How often, one wonders, are supposedly generous impulses stimulated by selfish motives? In times past, I recalled, there had been the opportunity for minimizing my own problems by trying to help someone with greater ones. It had always worked for me; maybe it would for the youngsters. I could only hope.


I am sure that when I called the welfare bureau in the little town of Annapolis, Md., the very kind lady who answered the phone could not have known my reason for requesting a child we could "adopt" for Christmas, but she was most cooperative. Yes, she had a little 5-year-old boy who had been abandoned by his parents and placed in a foster home. No, she could not permit us to have the child in our home on Christmas Day, but if the children would provide a toy or two, since there was no provision for other than clothing and food, it was an answer to a prayer. My prayer, I thought, but she could not have known that, of course. I felt a little guilty.

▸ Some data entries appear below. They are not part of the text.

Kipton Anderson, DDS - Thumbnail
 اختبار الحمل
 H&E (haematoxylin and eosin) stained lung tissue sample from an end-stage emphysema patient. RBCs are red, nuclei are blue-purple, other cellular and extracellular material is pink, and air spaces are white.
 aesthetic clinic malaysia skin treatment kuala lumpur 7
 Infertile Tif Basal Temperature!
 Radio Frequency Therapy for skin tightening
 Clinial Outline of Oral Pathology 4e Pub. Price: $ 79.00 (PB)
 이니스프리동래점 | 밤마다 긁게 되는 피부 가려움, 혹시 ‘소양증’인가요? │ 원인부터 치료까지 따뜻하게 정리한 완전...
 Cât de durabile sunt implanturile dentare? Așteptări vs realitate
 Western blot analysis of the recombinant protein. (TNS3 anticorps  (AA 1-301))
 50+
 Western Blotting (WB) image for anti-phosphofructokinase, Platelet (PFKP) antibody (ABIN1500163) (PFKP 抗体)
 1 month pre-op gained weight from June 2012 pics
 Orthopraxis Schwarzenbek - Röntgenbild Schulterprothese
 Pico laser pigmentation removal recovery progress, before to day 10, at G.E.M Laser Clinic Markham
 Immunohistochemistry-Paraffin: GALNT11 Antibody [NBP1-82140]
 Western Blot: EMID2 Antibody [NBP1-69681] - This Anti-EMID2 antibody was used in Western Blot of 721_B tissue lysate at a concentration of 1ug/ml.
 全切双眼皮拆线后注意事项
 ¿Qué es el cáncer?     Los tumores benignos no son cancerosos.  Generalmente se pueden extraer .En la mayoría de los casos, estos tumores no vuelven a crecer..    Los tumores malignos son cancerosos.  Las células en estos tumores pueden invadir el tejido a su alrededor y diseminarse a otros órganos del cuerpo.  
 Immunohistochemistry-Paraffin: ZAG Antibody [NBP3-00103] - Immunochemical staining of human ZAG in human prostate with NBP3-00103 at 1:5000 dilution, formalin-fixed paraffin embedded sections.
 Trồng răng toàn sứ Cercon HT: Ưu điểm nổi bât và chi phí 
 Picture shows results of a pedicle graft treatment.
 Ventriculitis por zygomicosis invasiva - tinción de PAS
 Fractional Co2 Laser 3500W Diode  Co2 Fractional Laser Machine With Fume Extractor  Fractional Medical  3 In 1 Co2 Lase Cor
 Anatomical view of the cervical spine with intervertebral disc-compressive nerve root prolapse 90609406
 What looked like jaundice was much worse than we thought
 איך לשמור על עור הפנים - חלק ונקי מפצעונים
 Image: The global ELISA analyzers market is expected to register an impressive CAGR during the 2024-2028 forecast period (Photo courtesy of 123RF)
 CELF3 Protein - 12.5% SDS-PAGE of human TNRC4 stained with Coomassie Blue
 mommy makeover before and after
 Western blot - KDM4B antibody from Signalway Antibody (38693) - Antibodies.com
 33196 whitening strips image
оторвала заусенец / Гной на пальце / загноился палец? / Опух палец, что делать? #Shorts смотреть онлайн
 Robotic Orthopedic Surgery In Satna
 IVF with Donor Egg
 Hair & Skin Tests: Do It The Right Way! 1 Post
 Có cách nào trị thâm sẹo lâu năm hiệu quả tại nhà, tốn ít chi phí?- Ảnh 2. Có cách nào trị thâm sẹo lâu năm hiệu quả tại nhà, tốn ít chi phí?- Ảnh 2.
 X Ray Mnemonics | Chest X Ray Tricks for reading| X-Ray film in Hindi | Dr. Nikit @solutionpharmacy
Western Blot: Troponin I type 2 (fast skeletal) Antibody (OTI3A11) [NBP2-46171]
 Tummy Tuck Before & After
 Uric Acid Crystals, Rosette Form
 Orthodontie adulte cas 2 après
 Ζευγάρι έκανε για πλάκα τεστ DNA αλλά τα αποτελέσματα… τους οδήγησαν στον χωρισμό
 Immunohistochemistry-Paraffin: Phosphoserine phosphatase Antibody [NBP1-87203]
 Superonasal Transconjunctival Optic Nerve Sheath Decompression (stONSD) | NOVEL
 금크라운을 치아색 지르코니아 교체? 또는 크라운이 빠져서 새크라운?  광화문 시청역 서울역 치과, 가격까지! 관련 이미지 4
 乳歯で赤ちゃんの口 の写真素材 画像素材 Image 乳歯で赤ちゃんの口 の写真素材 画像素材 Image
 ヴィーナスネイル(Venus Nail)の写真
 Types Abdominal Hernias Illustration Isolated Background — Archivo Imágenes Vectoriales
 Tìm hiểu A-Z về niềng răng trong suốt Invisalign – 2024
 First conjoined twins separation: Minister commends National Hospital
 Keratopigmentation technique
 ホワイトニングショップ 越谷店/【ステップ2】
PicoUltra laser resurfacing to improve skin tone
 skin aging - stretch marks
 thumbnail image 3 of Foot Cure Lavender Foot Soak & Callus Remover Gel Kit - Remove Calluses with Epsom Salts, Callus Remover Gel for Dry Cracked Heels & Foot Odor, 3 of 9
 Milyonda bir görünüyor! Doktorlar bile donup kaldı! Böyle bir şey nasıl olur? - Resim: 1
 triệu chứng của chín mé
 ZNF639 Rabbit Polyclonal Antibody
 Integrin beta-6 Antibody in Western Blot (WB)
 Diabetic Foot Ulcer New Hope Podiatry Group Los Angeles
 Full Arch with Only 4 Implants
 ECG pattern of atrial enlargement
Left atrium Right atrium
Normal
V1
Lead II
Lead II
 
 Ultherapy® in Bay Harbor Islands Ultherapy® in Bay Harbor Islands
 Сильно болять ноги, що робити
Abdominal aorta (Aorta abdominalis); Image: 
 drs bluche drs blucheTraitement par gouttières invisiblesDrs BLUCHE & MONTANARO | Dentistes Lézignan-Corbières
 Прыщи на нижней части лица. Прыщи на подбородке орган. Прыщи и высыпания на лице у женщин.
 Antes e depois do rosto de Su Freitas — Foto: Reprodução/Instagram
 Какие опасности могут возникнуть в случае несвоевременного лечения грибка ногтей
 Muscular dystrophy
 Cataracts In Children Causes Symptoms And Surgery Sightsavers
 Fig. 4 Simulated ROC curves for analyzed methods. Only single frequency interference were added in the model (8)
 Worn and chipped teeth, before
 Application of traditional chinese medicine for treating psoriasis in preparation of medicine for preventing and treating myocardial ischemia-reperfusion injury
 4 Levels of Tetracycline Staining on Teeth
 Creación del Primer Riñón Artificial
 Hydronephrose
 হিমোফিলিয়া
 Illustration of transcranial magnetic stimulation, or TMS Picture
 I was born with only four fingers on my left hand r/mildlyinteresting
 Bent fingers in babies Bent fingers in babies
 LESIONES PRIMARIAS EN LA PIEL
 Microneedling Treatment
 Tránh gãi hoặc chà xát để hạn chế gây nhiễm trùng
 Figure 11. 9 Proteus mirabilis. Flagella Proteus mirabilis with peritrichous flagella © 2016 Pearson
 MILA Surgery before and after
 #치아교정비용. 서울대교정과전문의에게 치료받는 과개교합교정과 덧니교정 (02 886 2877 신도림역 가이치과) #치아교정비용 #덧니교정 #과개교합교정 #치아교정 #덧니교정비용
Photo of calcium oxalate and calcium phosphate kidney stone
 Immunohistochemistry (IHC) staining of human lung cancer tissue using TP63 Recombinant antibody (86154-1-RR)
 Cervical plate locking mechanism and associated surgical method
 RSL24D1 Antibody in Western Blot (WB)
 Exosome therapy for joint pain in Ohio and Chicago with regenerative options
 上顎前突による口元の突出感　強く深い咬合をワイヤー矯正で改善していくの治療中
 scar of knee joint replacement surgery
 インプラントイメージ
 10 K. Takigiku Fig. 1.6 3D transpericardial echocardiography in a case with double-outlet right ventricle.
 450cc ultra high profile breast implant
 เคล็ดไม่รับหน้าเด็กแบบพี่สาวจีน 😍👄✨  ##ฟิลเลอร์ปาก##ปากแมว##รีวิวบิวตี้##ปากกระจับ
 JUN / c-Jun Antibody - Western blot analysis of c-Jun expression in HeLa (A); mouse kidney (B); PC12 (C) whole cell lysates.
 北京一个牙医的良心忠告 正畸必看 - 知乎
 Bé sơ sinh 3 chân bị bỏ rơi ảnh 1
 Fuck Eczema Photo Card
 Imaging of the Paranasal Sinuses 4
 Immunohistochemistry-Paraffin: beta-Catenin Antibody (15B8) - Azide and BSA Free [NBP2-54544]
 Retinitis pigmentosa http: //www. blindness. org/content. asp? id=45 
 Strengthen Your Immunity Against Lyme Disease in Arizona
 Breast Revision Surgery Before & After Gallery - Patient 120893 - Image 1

The three children, Skip, who was 15, Charlie, 11 and Gloria, 10, took on the project of "Operation Little Boy" with their usual tremendous enthusiasm. The boys both had money which they had earned delivering papers and caddying at the Naval Academy Golf Course, and Gloria turned to odd jobs in order to supplement her allowance. Much time was spent in discussing the possible desires of a 5-year-old who had very little of anything.


The shopping was done. Then Christmas Eve came, and the gifts, wrapped with care by young hands, were piled in the car for a trip to the Welfare Department, which would in turn see that they were delivered to a little boy who could still believe in Santa Claus because of three older children who had found the spirit of Christmas.


Charlie and Gloria wanted to go with me, and I was hoping it would turn out to be a meaningful experience for them. The social worker was the same kind lady who had spoken to me on the phone, and she insisted that they sit down with her as she told them about the youngster they were helping, about how lucky "they" were to have a home and love, and parents who cared about them, and what their gifts would mean to someone who did not have these things. The children were quiet (close to tears, I think) and as we left the welfare office, Charlie turned to me and said, "Mom, I think this is the very best Christmas we've ever had, don't you?"


God had, indeed, answered two prayers, with but a single response.